Yet, for the lack of K&O‟s action in filing the Notice, the
landowners‟ right-of-way remains in STB jurisdiction by operation
of law to their material prejudice.
Pls.‟ Mot. at 18.
Plaintiffs argue, therefore, that without K&O action to consummate abandonment, the
ongoing STB jurisdiction constitutes a permanent taking, rather than a temporary one.
II.
Standard of Review
Plaintiffs move for reconsideration pursuant to Rules 54(b) and 59(a)(1) of the Rules of
the Court of Federal Claims (“RCFC”). These rules articulate the understanding that courts
possess inherent authority to modify interlocutory orders prior to the entering of final judgment
in a case. See Wolfchild v. United States, 68 Fed. Cl. 779, 784-85 (2005).
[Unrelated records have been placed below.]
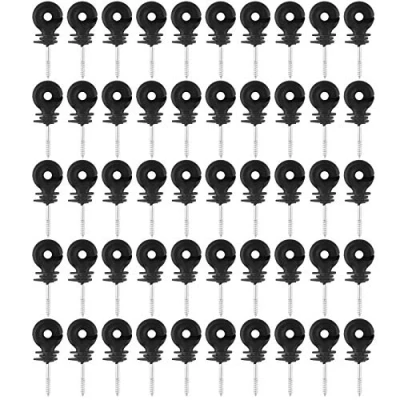 Afbeelding van 50 stuks zwarte elektrische inschroef ring isolatoren hek ringisolatoren schrikdraad accessoires wilgenring houten post isolator voor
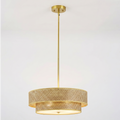 Sfeerco Cana rattan chandelier hanging view from above showing brass canopy and suspension rod
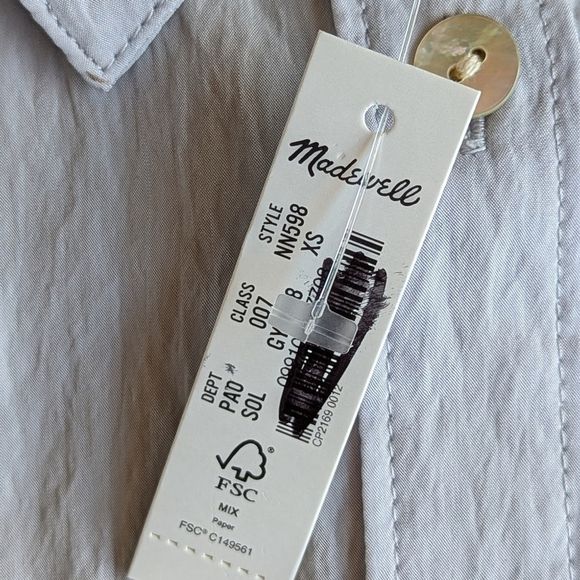 MadeWell Crinkle Loose Fit Long Sleeved Shirt Women's XS NWT Silver Gray - Picture 6 of 11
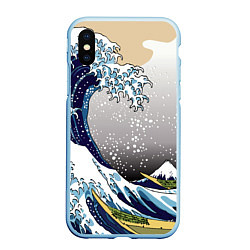 Чехол iPhone XS Max матовый The great wave off kanagawa, цвет: 3D-голубой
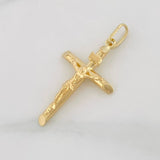 Pendant Cross Christ 1.6g / 1 1/4 in Yellow Gold 18K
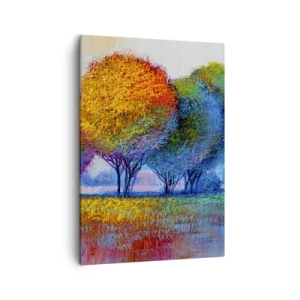 Quadro su tela - Stampe su Tela - Alberi colorati in un paesaggio impressionista - 50x70cm - Ciuffo di colori brillanti - Decorazione murale moderna per soggiorno e camera da letto ARTTOR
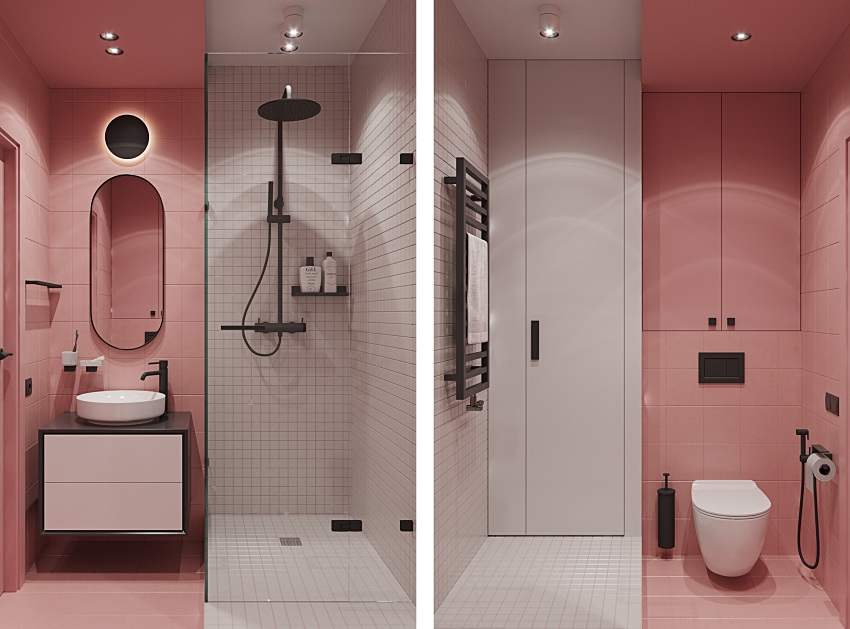  Phòng tắm là sự kết nối khéo léo giữa các gam màu trong không gian chính.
The grounds for a
court‟s exercise of its authority to reconsider, in departing from the law of the case, include the
discovery of new or different material evidence not presented in the earlier decision, an
intervening change in controlling legal authority, or when a prior decision is clearly incorrect and
would work a manifest injustice. Id. at 785 (citing Intergraph Corp. v. Intel Corp., 253 F.3d
695, 698 (Fed. Cir. 2001)).
The standards for reconsideration of an interlocutory order under RCFC 54(b) and
59(a)(1) have been described as less rigorous than those, for example, applicable to final
judgments under RCFC 59(e). Id. at 784. The standard under RCFC 54(b) has also been
described even more flexibly as available “as justice requires.” See L-3 Communs. Integrated
Sys., L.P. v. United States, 98 Fed. Cl. 45, 48 (2011) (citing Cobell v. Norton, 224 F.R.D. 266,
272 (D.D.C. 2004). While the threshold for reconsideration under RCFC 54(b) is imprecise, it
certainly “leaves within [its] ambit . . . a good deal of space for the Court‟s discretion.” Cobell,
224 F.R.D. at 272. The district court in Cobell explained that “asking „what justice requires‟
amounts to determining, within the Court‟s discretion, whether reconsideration is necessary
under the relevant circumstances.” Id.
Despite the flexible standards governing reconsideration herein and the discretion
afforded the trial court, see Alpha 1, L.P. ex rel. Sands v. United States, 86 Fed. Cl. 568, 571
(2009), reconsideration is “not intended, however, to give an „unhappy litigant an additional
chance to sway‟ the court.” Matthews v. United States, 73 Fed. Cl. 524, 525 (2006) (quoting
Froudi v. United States, 22 Cl. Ct. 290, 300 (1991)). Nor is it availing, under the guise of
reconsideration, to raise an issue for the first time that was available to be litigated earlier in the
case. Id. at 526; Gelco Builders and Burjay Const. Corp. v. United States, 177 Ct. Cl. 1025,
1036-37 n. 7 (1966) (“Litigants should not, on a motion for reconsideration, be permitted to
attempt an extensive re-trial based on evidence which was manifestly available at the time of the
hearing.”).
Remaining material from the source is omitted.